1963 film by Boris Sagal

Twilight of Honor is a 1963 American courtroom drama directed by Boris Sagal and based on the novel by Al Dewlen. The screenplay was written by Henry Denker. The film stars Richard Chamberlain in his first feature film lead role and features the debuts of Joey Heatherton and Linda Evans. Produced by MGM and released in the United Kingdom as The Charge is Murder, the film explores controversial themes for its time, including sexual assault, adultery, and prostitution. It received Academy Award nominations for Best Supporting Actor (Nick Adams) and Best Art Direction.

==Plot==
In a small New Mexico town, young lawyer David Mitchell is appointed to defend Ben Brown, who has confessed to killing an off-duty police officer, Cole Clinton. The ambitious prosecutor, Norris Bixby, is pursuing the death penalty, aiming to succeed a respected retired district attorney, Art Harper—Mitchell's mentor. Though initially reluctant, Harper agrees to advise Mitchell on the case. Harper's daughter, Susan, volunteers to assist Mitchell and reignites her romantic interest in him.
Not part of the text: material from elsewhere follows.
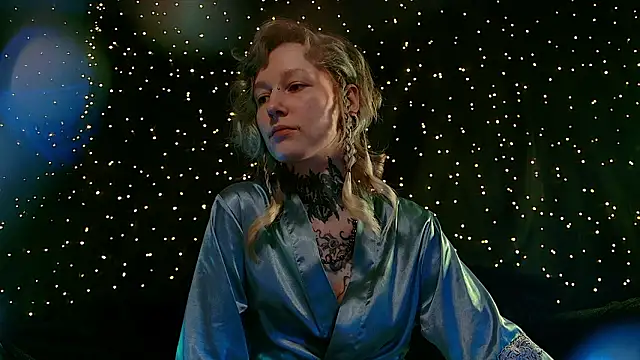 Littlespacemouse online show from February 23, 12:57 pm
Mitchell meets Ben's wife, Laura-Mae, who turned him in and claims he beat her. She portrays Ben as a liar and says the murder happened during a robbery. Ben, however, claims his confession was coerced and that Clinton was committing adultery with Laura-Mae at the time. Mitchell and Harper find legal precedent in New Mexico law that classifies homicide committed in the act of discovering a spouse's adultery as justifiable.

At jury selection, Mitchell objects to the panel's bias—many jurors were friends of the victim—but is overruled. Bixby leaks Ben's confession to the press, influencing public opinion. In court, witnesses depict Ben as violent and suggest he targeted Clinton for money. Mitchell argues Clinton intended to sleep with Laura-Mae, causing his widow to faint.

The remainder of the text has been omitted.